# WORK REQUEST
Reproduce exactly the lines of the material beneath, from the line that contains "Young African American" to the line that contains "A single hand", both included, and no other lines.

# DATA PROVIDED
"""
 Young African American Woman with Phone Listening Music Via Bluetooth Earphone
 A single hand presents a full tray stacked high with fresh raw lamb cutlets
"""
"""
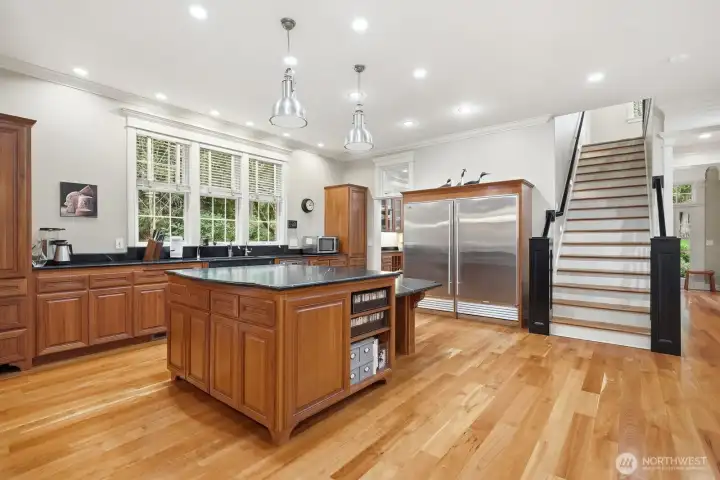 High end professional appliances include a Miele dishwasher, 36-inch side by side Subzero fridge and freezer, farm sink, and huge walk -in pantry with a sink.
"""
# WRITTEN RESPONSE
 Young African American Woman with Phone Listening Music Via Bluetooth Earphone
 A single hand presents a full tray stacked high with fresh raw lamb cutlets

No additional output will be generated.